Your objective.
Go through the listing below and return each line that includes "quartos".

#### Task input ####

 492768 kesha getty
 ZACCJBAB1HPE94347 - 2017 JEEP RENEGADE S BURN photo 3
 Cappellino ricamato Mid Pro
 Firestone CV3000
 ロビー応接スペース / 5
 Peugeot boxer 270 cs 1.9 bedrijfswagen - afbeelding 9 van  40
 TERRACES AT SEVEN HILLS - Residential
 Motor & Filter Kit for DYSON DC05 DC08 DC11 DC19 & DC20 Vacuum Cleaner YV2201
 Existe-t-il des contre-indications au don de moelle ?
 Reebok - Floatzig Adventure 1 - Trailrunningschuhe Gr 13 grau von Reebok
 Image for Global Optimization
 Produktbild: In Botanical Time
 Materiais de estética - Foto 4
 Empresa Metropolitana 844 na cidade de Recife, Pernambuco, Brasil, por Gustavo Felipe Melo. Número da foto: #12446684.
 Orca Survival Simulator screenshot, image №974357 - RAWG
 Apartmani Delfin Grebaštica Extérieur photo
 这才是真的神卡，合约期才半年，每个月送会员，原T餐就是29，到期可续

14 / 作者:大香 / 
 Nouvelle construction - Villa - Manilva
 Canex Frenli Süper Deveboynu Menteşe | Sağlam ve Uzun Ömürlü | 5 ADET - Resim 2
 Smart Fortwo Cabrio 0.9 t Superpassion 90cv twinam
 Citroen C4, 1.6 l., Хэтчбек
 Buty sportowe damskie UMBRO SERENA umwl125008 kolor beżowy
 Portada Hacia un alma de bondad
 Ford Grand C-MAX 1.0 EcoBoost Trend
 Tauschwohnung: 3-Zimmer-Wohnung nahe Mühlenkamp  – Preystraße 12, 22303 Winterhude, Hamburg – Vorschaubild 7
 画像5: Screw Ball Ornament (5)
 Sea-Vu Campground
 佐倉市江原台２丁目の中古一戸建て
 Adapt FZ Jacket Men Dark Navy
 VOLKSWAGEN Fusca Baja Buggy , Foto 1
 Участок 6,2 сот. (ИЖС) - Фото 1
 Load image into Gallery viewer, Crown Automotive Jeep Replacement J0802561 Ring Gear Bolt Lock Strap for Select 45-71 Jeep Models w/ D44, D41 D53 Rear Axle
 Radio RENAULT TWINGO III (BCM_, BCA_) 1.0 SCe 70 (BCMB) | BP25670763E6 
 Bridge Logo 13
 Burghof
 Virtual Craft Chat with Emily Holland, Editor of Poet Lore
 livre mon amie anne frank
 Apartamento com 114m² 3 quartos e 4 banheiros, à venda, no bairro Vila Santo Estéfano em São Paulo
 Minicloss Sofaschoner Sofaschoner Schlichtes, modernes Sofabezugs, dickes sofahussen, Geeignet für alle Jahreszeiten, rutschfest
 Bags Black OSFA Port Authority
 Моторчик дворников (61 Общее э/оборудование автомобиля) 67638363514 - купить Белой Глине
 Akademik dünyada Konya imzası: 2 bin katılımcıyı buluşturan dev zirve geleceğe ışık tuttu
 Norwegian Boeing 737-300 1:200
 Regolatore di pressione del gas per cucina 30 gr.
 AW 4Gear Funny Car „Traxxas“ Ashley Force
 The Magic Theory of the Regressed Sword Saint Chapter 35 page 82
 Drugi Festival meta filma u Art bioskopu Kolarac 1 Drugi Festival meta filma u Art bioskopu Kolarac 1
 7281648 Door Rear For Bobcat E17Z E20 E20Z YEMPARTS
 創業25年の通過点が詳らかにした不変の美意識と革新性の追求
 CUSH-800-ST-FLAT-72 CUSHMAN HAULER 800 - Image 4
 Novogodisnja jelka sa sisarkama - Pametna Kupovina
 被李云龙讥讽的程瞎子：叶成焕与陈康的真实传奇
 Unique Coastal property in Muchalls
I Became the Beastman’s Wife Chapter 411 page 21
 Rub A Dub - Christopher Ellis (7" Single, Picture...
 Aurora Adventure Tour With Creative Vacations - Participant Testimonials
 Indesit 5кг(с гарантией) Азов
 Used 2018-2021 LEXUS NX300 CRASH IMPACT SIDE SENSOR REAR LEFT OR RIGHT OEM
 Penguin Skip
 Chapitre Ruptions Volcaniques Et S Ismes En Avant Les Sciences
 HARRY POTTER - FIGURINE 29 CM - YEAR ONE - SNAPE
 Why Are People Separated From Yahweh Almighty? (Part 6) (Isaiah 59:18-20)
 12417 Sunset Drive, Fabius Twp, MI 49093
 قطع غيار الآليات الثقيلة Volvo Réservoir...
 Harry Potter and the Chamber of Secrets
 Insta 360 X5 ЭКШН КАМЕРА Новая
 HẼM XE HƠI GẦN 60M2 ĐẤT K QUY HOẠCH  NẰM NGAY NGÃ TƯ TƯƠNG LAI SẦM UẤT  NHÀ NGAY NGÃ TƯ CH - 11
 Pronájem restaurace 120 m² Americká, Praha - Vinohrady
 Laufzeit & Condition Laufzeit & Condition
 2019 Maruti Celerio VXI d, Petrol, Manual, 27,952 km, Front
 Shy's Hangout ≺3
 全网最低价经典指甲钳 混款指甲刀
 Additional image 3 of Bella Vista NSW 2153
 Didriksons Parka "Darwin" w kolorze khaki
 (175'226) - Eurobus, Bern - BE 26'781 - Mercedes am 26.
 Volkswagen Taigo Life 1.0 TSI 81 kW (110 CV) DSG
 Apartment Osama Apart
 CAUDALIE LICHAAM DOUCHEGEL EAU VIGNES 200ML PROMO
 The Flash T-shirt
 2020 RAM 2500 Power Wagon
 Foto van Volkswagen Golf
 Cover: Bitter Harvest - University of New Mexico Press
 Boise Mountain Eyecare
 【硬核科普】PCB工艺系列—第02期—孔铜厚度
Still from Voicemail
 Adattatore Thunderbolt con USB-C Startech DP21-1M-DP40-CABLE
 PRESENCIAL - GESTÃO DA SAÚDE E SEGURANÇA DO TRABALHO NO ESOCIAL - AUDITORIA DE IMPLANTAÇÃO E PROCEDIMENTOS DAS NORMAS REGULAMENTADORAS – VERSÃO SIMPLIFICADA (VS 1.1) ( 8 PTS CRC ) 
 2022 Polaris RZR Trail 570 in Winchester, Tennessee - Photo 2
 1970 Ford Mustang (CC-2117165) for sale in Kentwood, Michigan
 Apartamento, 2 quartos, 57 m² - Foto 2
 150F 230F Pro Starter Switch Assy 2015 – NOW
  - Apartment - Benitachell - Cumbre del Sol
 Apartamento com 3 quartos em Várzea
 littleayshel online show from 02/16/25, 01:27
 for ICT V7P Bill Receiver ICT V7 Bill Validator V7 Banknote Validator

####

Answer box.
 Apartamento com 114m² 3 quartos e 4 banheiros, à venda, no bairro Vila Santo Estéfano em São Paulo
 Apartamento, 2 quartos, 57 m² - Foto 2
 Apartamento com 3 quartos em Várzea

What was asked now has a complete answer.